TASK TO CARRY OUT:
Each line of the listing that includes the string "with" needs to be located and copied.
*** Opening DATASET CONTENT ***
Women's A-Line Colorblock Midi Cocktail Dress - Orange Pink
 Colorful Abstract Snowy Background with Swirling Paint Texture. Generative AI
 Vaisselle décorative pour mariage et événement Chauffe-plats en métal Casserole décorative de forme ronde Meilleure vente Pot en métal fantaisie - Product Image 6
*** Closing DATASET CONTENT ***
*** Opening DATASET CONTENT ***
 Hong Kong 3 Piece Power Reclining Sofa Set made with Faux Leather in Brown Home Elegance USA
*** Closing DATASET CONTENT ***
*** Opening DATASET CONTENT ***
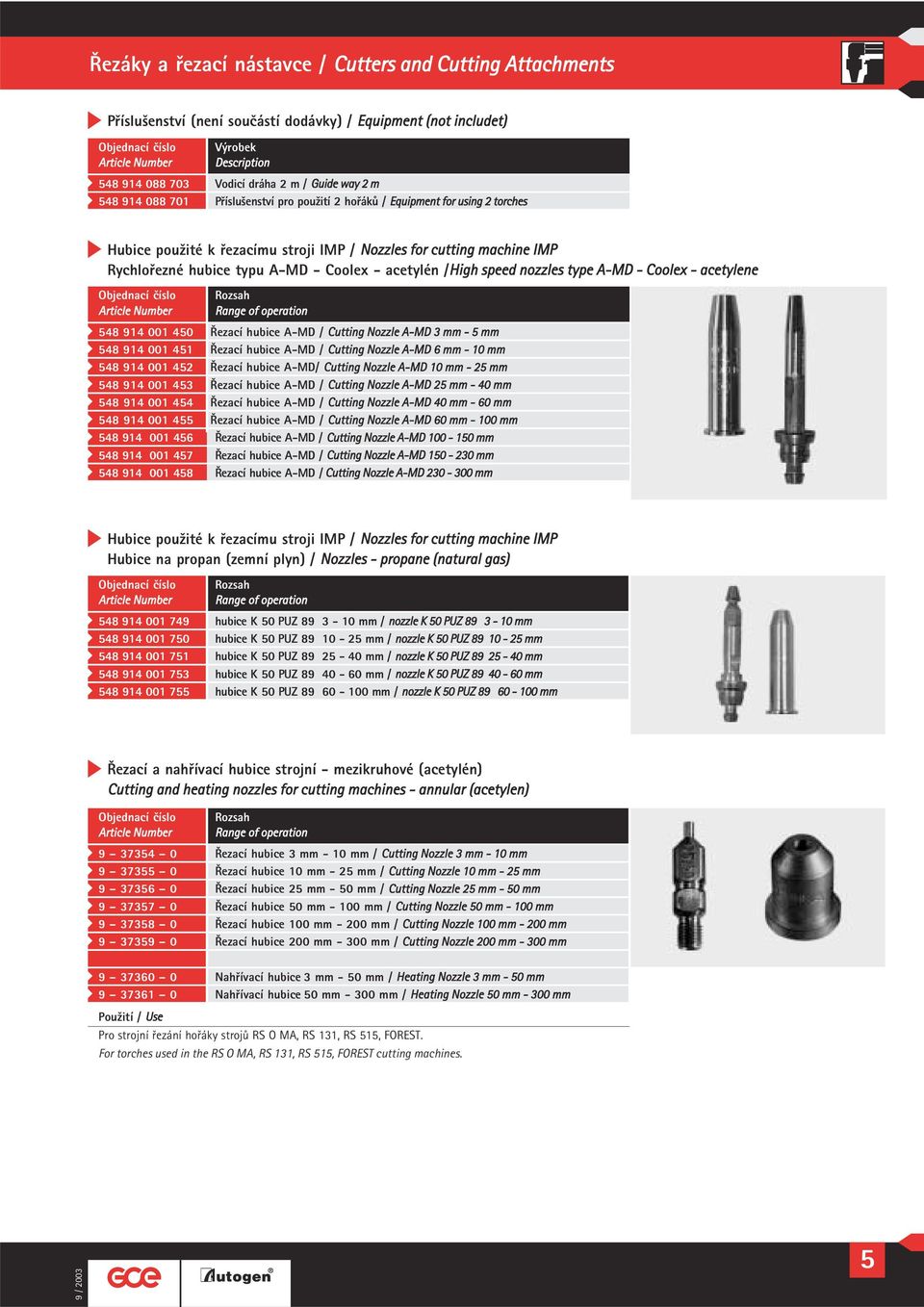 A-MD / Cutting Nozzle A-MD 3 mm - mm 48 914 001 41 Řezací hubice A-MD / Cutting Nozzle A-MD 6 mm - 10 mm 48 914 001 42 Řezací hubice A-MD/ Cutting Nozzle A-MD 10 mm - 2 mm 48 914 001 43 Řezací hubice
*** Closing DATASET CONTENT ***
ANSWER TO THIS PROBLEM:
 Colorful Abstract Snowy Background with Swirling Paint Texture. Generative AI
 Hong Kong 3 Piece Power Reclining Sofa Set made with Faux Leather in Brown Home Elegance USA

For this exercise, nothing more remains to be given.